Ireland looks set to be named this week as co-host of the Euro 2028 tournament, with no rivals to the FAI's joint bid with Northern Ireland, Scotland, Wales, and England.
Ireland will have to qualify for the Euro 2028 finals they co-host with the UK associations, but the route to an expanded 32-team showpiece should be straightforward.
As the Irish Examiner reports, no rival bids are expected by Uefa’s deadline of Wednesday, with support from the Irish government due to be formally rubberstamped within the next 24 hours.
Under the existing 24-team format in place for Euro 2024 in Germany, 51 games will be played but the mooted enlargement will swell the total of 63. The 51,000 capacity Aviva Stadium will be joined on the ticket by Croke Park’s 82,000 venue.
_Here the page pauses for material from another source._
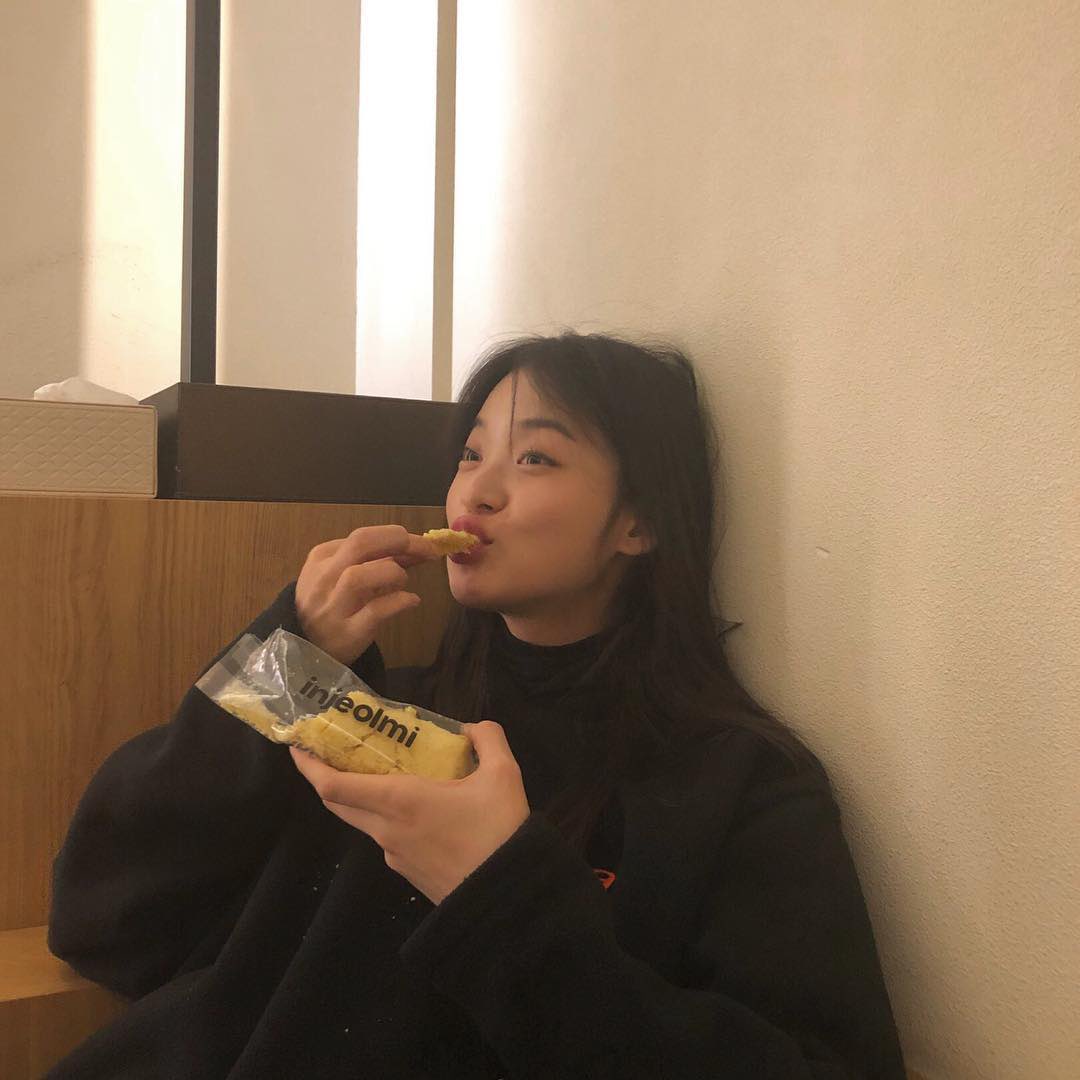 hxnjuulie's tweet photo. My favorite snack these days. Stay warm, precious souls! 🤍 https://t.co/9J6d0zmFkt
A redeveloped Casement Park has been mentioned as a possible third location, thereby giving the Irish FA skin in the game in terms of host venues.
Their national stadium in Belfast doesn’t meet the minimum capacity for Euro finals matches under current regulations.
There is also no provision in the present rules granting the five countries - England, Scotland, Wales, Republic of Ireland and Northern Ireland - automatic hosting rights.
However, the broadening of finals places to 32 of Uefa’s 55 nations offers no excuse for not qualifying on the pitch.
Based on Uefa’s standard 10 groups, the top three in each pool would progress to the finals and still leave two berths for lower ranked nations via the Nations League.
As revealed last October, the UK federations and FAI switched their attention from the 2030 World Cup bid to the more realistic concept within the continent.
The tactical shift was formally confirmed during a joint press briefing on February 7th.
FAI chief executive Jonathan Hill - credited with creating the slogan 'Football's Coming Home' during England's hosting of Euro '96 - has been advocating the massive economic and social gains from getting involved in the bid.
“This is more than just a football tournament,” he said last month. “We are working hand in hand with the Irish Government in relation to the planning for the bid."